To Prevent a Setback!

By: fahed Khitan

تم نشره في Mon 11 April / Apr 2016. 11:00 PM
  • فهد الخيطان

The political elite are drained in endless debate on the timeline for the next parliamentary elections, and the appropriate time to dissolve Parliament as well as Nsoor’s government. The latter topics are of more interest due to accounts known to all; to the point that some propose extending the term of Parliament and dismantling Nsoor’s government as soon as possible, hoping they would be appointed in the new government.

Yes, the electoral schedule is important, no doubt; but what is more important is the electoral agenda and the contents of the electoral process.

Mindful that the coming elections are the final product of the political reformation process, inaugurated with a bundle of new and developed legislation —compared to current frameworks; parliamentary and municipal election laws, and new regulations for decentralisation and political parties; it would be a major setback were these reforms —or reformation leaps, to fail in securing the anticipated enhancements in the structure of state legislative and executive bodies and institutions.
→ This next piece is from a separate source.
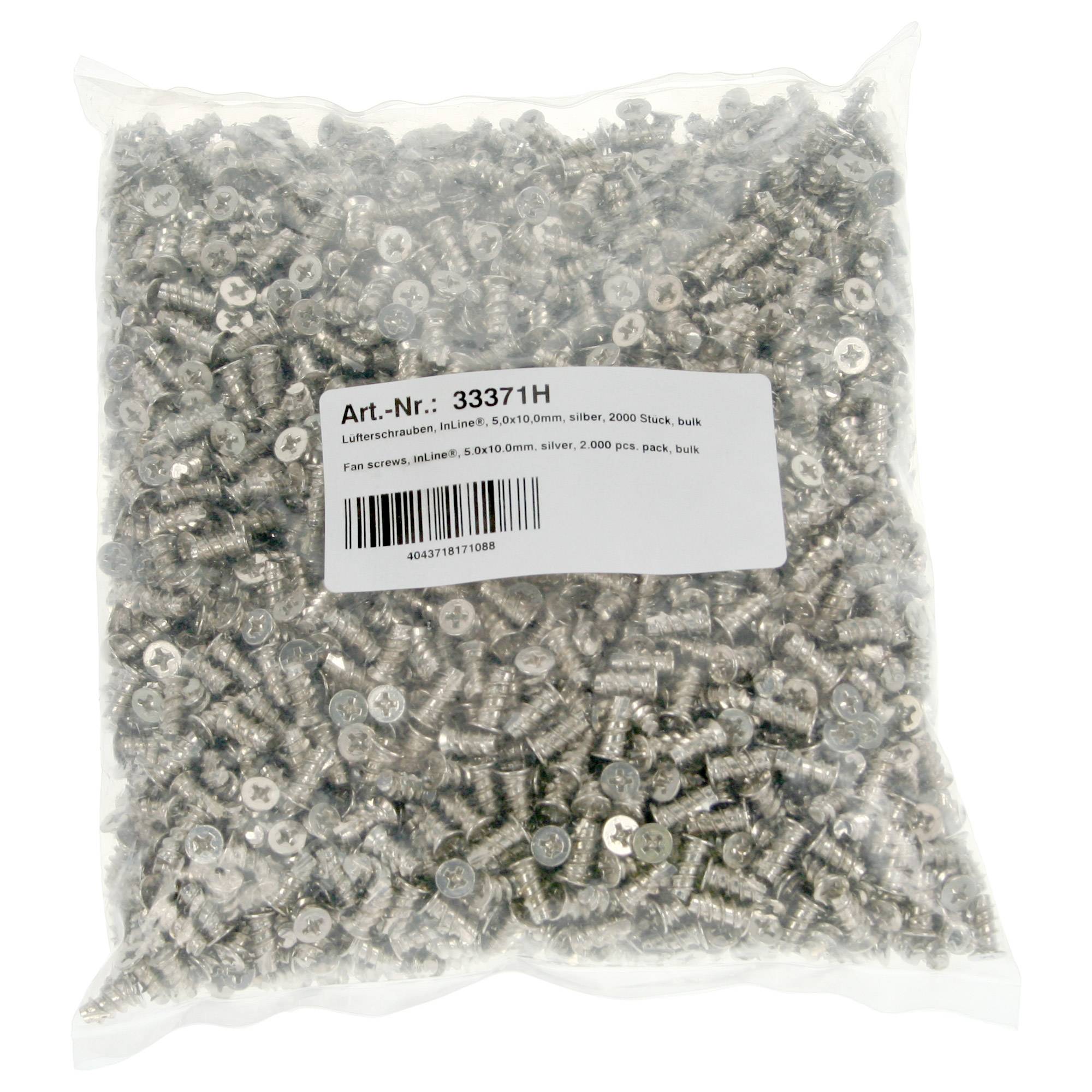 InLine® Lüfterschrauben, 5,0x10,0mm, silbern, bulk 2000er Pack-1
The Jordanian State affords now no margin for manoeuvre, they are obliged to meet an inevitable proclamation; that is to renew the people in office, and particularly Parliament. Honestly, we are in a pitiful situation; one that requires thorough political processes to reproduce a new generation of parliamentary and executive leaderships, with the capacity, proficiency, integrity, and faith in the concepts and measures of modernity that are necessary to reform the Country’s institutions and develop their approaches and methods.

What should the next Parliament look like?

Posing such a question does not incur any distortion to the integrity of the electoral process, nor does it interfere with the business of the Independent Elections Commission (IEC). This is a purely political question that spurs from the vantage point of the State’s higher interests. Answering it, more so, is up to the Country’s political administration, rather than electoral.

In every elections season, we promoted a naive “the parliament we want” slogan, advertising the specifications of the needed representative, leaving it to the public’s choice of relatives or influential, capital owner to fit into the predisposed mould.

State institutions were, not once, ever held accountable for orchestrating the electoral process to their advantage. Whenever they interfered, catastrophic measures were taken to manipulate polls and votes. In other words, elections were rigged.

To prevent a setback, there should be a clear, absolute separation —a distinction— between the electoral process itself, its components and functions, as tasks exclusive to the IEC, and rig-proof, on one hand, and the State’s need for a political process that gives qualified and proficient experts a fair match to sit at the Lower House of Parliament. This can be attained through the proposition of a pre-architected vision with disclosed and valid objectives and goals, to retain the progress of democratisation and facilitate the transition to parliamentary governance.

In all the parliamentary sessions since 1989, the State had always retained the majority bloc regardless of the electoral framework. Not a single government was removed under the 89 dome formation —and they are considered the most opposing formation yet. The problem was in the kind of “loyalism” present, its quality, proficiency, and moral ground; which needs to be seriously considered in the coming elections.

Jordanian opposition, in its general line, is integrated in State dynamics and are within constitutional boundaries. The kind of opposition that whistles out of constitutional tune no longer exists.

Regional developments have granted Jordan a blissful chance to rearrange our house in the way that suits the Country’s interests; this opportunity must not be forfeited by pushing off the next parliamentary elections.